Diese Bergstadt in Alberta spielt eine große Rolle im Fitnessuhren-Boom.

In einer kleinen Stadt in Alberta trägt eine bunte Gruppe von Ingenieuren und Sportlern dazu bei, das explosive Wachstum von Fitnessuhren und Wearables voranzutreiben.
Unmittelbar an der Autobahn auf dem Weg zu den Rocky Mountains befindet sich der Hauptsitz von Garmin Canada in Cochrane. Dort entwickelt das Unternehmen die Technologie, die biometrische Daten vom Handgelenk einer Person erfasst und in deren Uhr einspielt.
Heutzutage besteht eine große Nachfrage danach. Die Verkaufszahlen von Fitness-Trackern steigen , und südlich der Grenze hat der US-Gesundheitsminister Robert F. Kennedy Jr. eine Zukunftsvision entworfen, in der jeder Amerikaner innerhalb der nächsten vier Jahre ein Wearable nutzt.
Garmin stellt alles Mögliche her, von Fahrradcomputern bis hin zu GPS-Geräten für Boote und Flugzeuge, hat sich aber mit einem breit gefächerten Angebot an hochspezialisierten Sportuhren und Wearables eine Nische bei Sportlern und Läufern geschaffen.
Die diese Woche veröffentlichten Geschäftszahlen des Unternehmens zeigen einen Umsatzanstieg von 30 Prozent im letzten Quartal mit Fitnessgeräten. Zudem wurde die Umsatzprognose für das Fitnesssegment bis 2025 angehoben . Die Aktie gab am Mittwoch leicht nach, da die Gesamtumsätze etwas schwächer ausfielen und das Outdoor-Segment im Vergleich zum Vorjahr rückläufig war.

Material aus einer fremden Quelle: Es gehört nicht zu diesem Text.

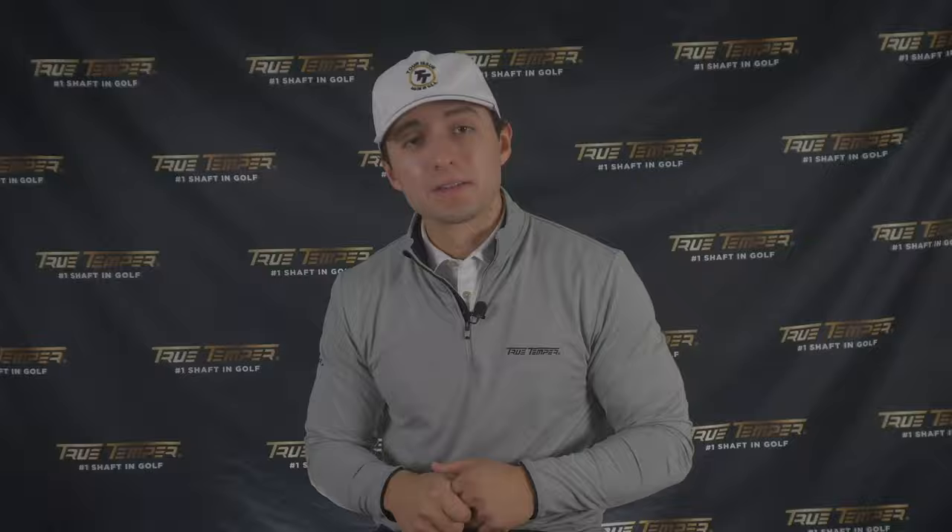Today's lesson is going to be about wedge flex and iron flex — if I play a certain flex in my irons, should I play that flex in my wedges? There's actually no wrong answer with this. We see about a 60-40 split on tour: 60% actually drop down from their iron flex to wedge flex, where the other 40% maintain the same flex throughout. It's all personal preference, really — whatever you prefer from a feel standpoint.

„Es läuft wirklich gut“, sagte Ivan Feinseth, Partner und Forschungsdirektor bei Tigress Financial Partners in New York, der den aktuellen Kursrückgang als Kaufgelegenheit sieht.

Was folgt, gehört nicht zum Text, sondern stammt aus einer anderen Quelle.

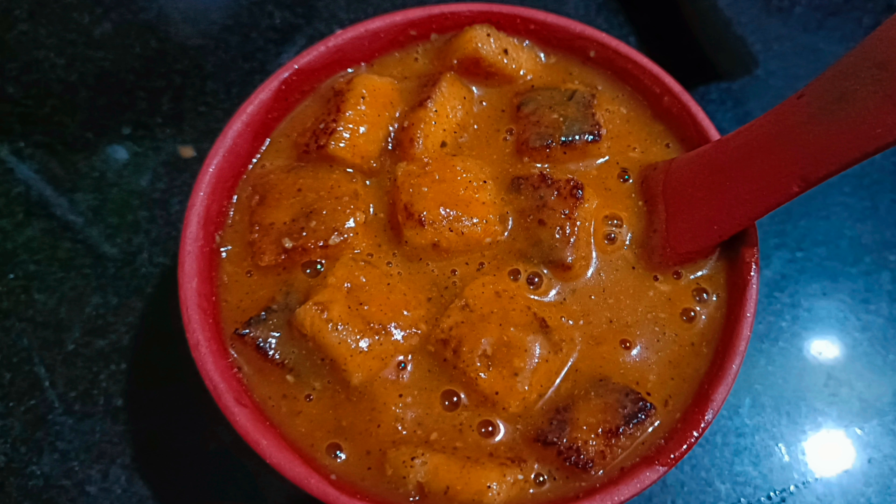Hi everyone, welcome back to my channel. I am going to make a creamy tomato soup.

Doch Wachstum in einem bestimmten Sektor bedeutet auch Druck, dieses Niveau zu halten. Das Unternehmen, das seine Präsenz in Kanada in den letzten Jahren ausgebaut hat, muss ständig neue Geräteversionen entwickeln, sich gegen Klagen verteidigen, der Konkurrenz einen Schritt voraus sein und das Interesse der Kunden aufrechterhalten – insbesondere in Zeiten einer sich abschwächenden Konjunktur, in denen viele ihre Ausgaben einschränken.
Lokale Wurzeln
Garmin Canada entstand aus einem ganz anderen Unternehmen: Dynastream Innovations. 1998 gründeten vier Ingenieure in einer Garage in Cochrane die Firma mit einem einfachen Gerät, das am Schuh befestigt werden konnte und die Laufgeschwindigkeit und die zurückgelegte Strecke anzeigte.

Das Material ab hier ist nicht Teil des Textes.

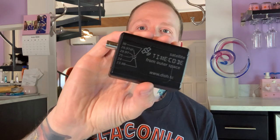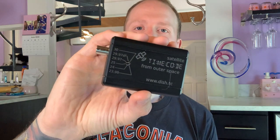Hi, I'm Josh Tucker. I'm a sound mixer and an audio supervisor here to talk to you about this DISH-TC satellite timecode locket box.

Damals, so Dynastream-Mitbegründer Jim Rooney, blieb den Leuten, die diese Informationen wollten, nichts anderes übrig, als sich ins Auto zu setzen und ihre Laufstrecke abzufahren, wobei sie stets den Kilometerzähler im Auge behielten.
Von da an musste das Unternehmen herausfinden, wie man diese Daten in eine Uhr integrieren konnte – und wie man die Menschen davon überzeugen konnte, dass es sich lohnte, eine solche Uhr zu tragen.
„Die Leute trugen keine Armbanduhren mehr; sie nutzten ihre Handys für alles“, sagte Rooney, der heute Geschäftsführer von Garmin Kanada ist. „Wir mussten den Leuten einen guten Grund geben, ihre Armbanduhren wieder anzulegen und zu benutzen.“
Jahrelang, so Rooney, produzierte Dynastream auch für andere große Unternehmen wie Suunto, Adidas und Timex. Garmin entwickelte sich vom größten Konkurrenten zum größten Kunden des Unternehmens und übernahm Dynastream schließlich im Jahr 2006.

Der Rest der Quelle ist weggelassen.